**Prompt:** Although the material holds pictures, none belong in the copy; transcribe exactly, and only, the lines from the one with "Pelican Among Floral Patterns" through the end.

**Records:**
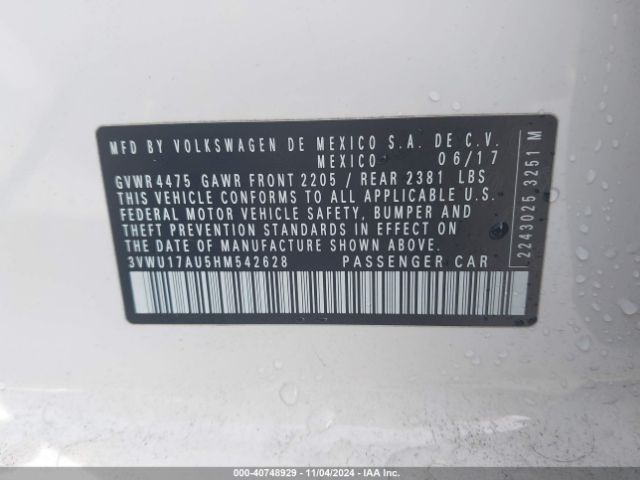 3VWU17AU5HM542628 Volkswagen Golf Sportwagen Tsi S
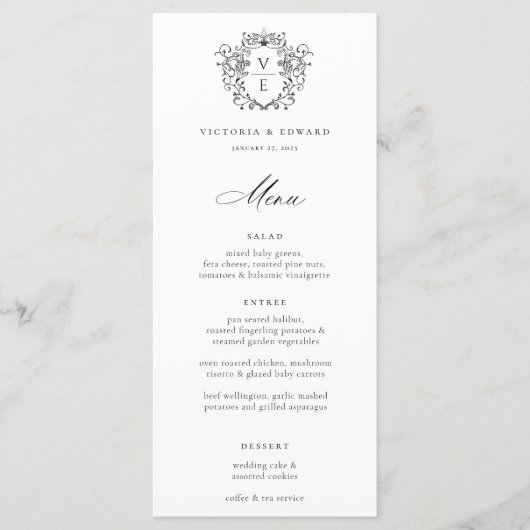 Regency Era zwart Crest Monogram bruiloft Menu (Voorkant)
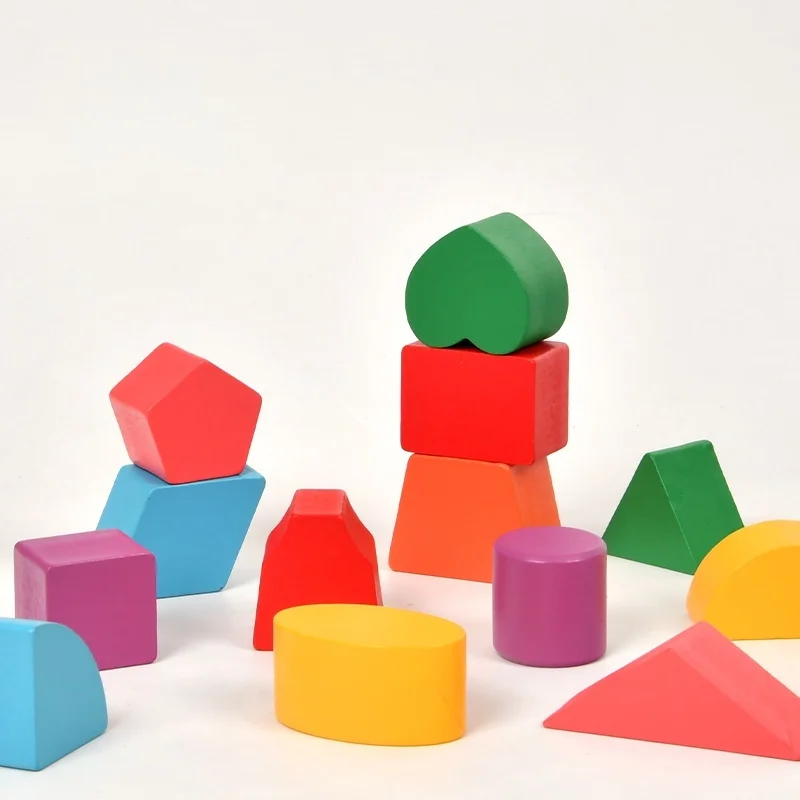 Montessori Intelligence Matching Box Geometric Shapes 3D Puzzle Early Education Three-Dimensional Wooden Paired Building Block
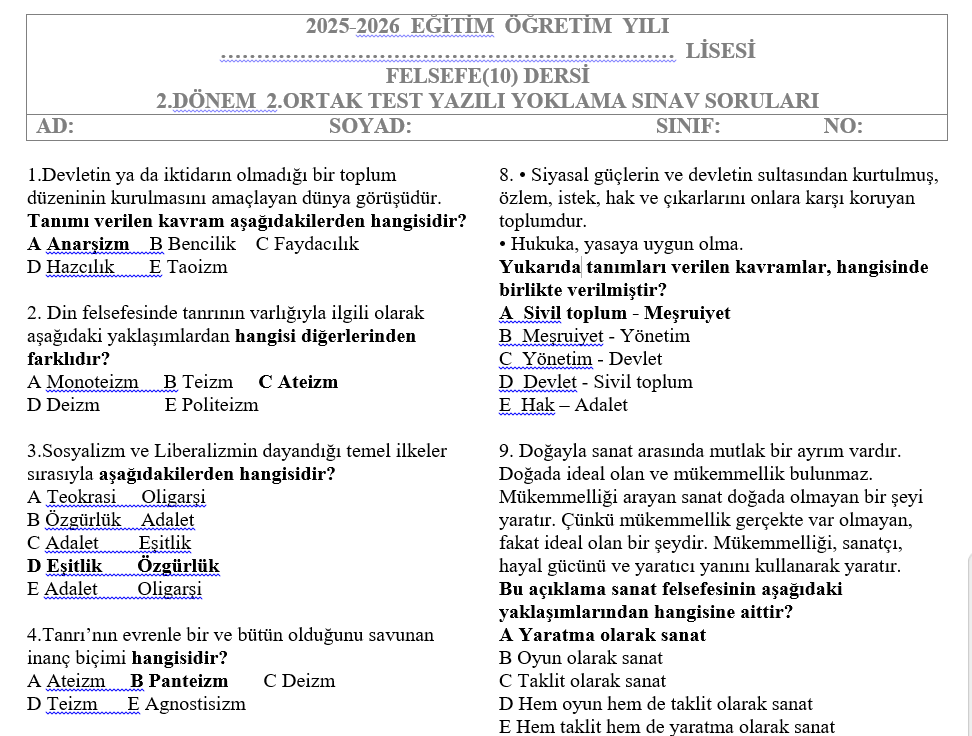 10.Sınıf Felsefe Test 2.Dönem 2.Sınav Soruları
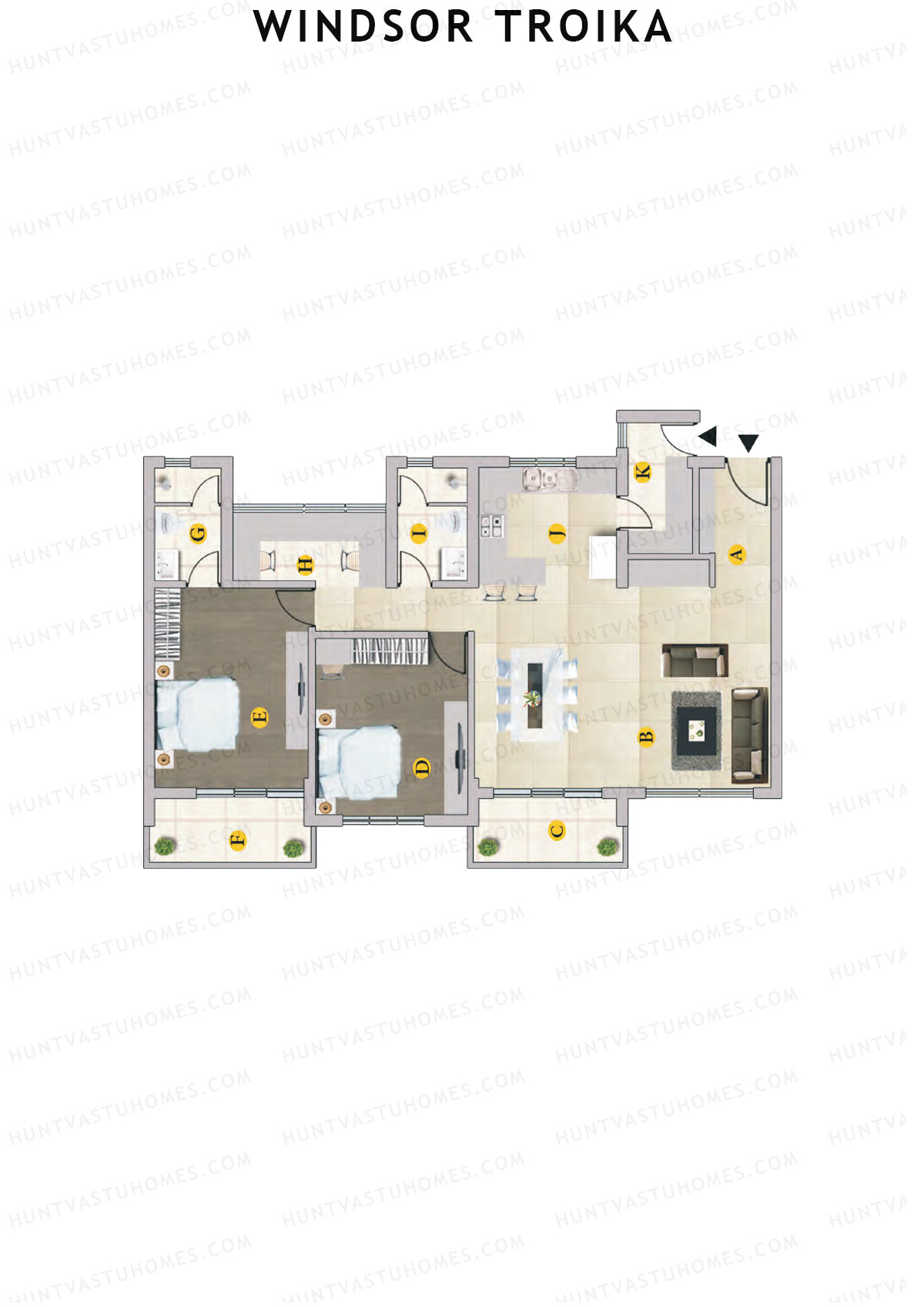 Windsor Troika Wing A Unit 1 (Type B) Floor Plan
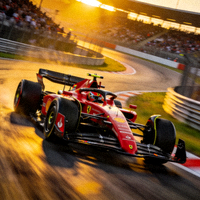 法拉利F1赛车在赛道上飞驰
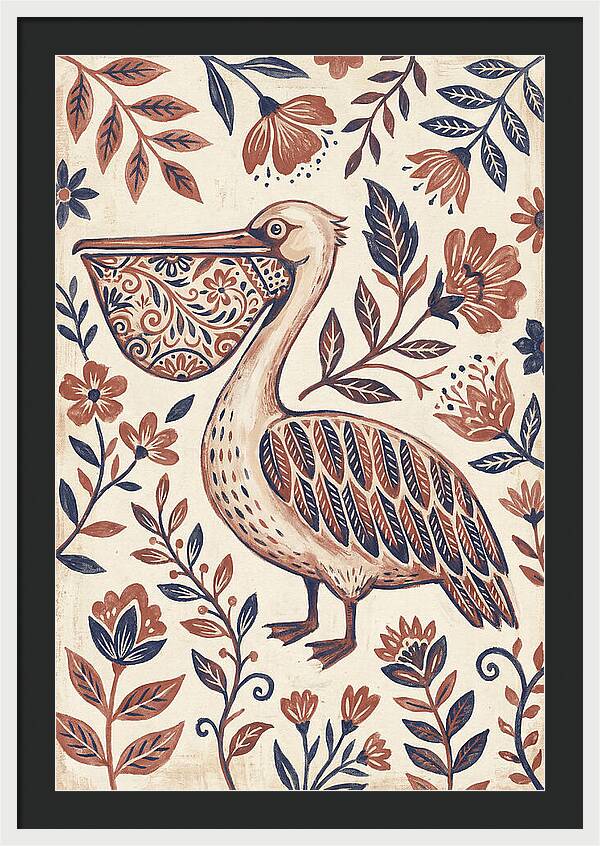 Pelican Among Floral Patterns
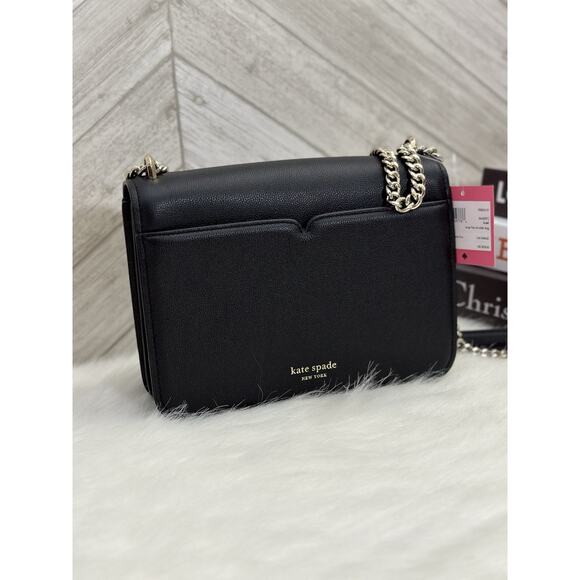 Kate Spade Locket Large Flap Crossbody Bag Black Pebbled Leather Chain Strap NWT - Picture 3 of 5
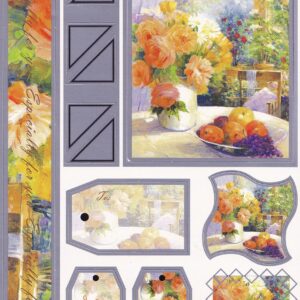 country cottage table a5 decoupage & tags sheet
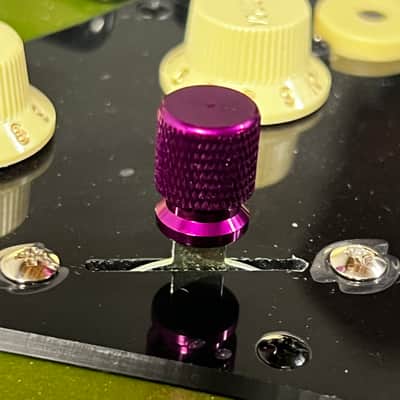 Kinnatone Purple Skirted knurled 3 or 5 way Blade style Switch Tip Knob For Strat or Tele Charvel,Jackson,PRS, Ibanez and more image 4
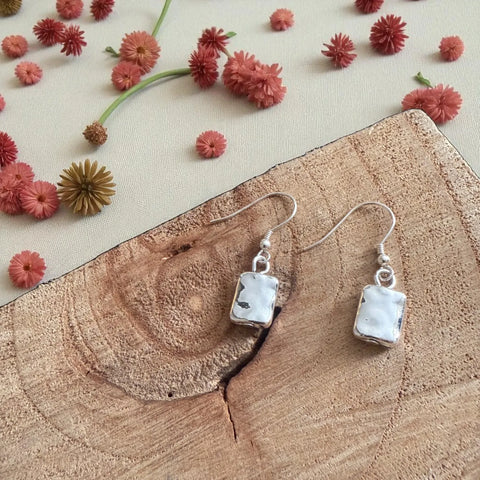 Jess and Lou ER184SIL Silver Block Square Bead Drop Hypoallergenic & Nickel Free Silver Hooks Earrings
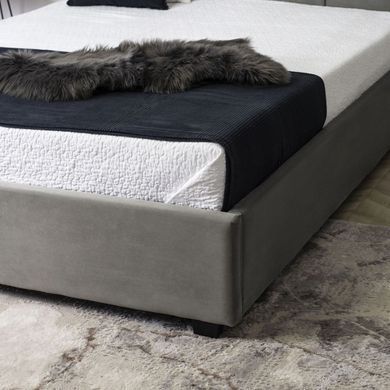 Ліжко двоспальне оксамитове 140x200 MEBEL ELITE TINGA Velvet Сірий фотографія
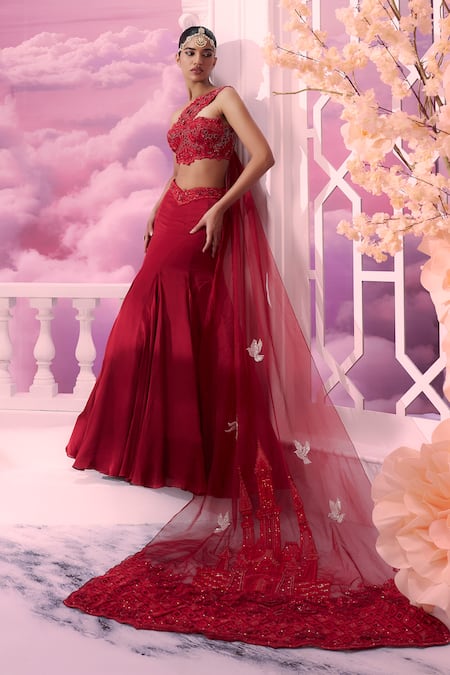 Shop_Label Ankush Jain_Red Silk, Organza, Satin Sequins, Fish-cut Lehenga Set With Ruffle Dupatta For Kids_Online_at_Aza_Fashions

**Solution for this exercise:**
 Pelican Among Floral Patterns
 Kate Spade Locket Large Flap Crossbody Bag Black Pebbled Leather Chain Strap NWT - Picture 3 of 5
 country cottage table a5 decoupage & tags sheet
 Kinnatone Purple Skirted knurled 3 or 5 way Blade style Switch Tip Knob For Strat or Tele Charvel,Jackson,PRS, Ibanez and more image 4
 Jess and Lou ER184SIL Silver Block Square Bead Drop Hypoallergenic & Nickel Free Silver Hooks Earrings
 Ліжко двоспальне оксамитове 140x200 MEBEL ELITE TINGA Velvet Сірий фотографія
 Shop_Label Ankush Jain_Red Silk, Organza, Satin Sequins, Fish-cut Lehenga Set With Ruffle Dupatta For Kids_Online_at_Aza_Fashions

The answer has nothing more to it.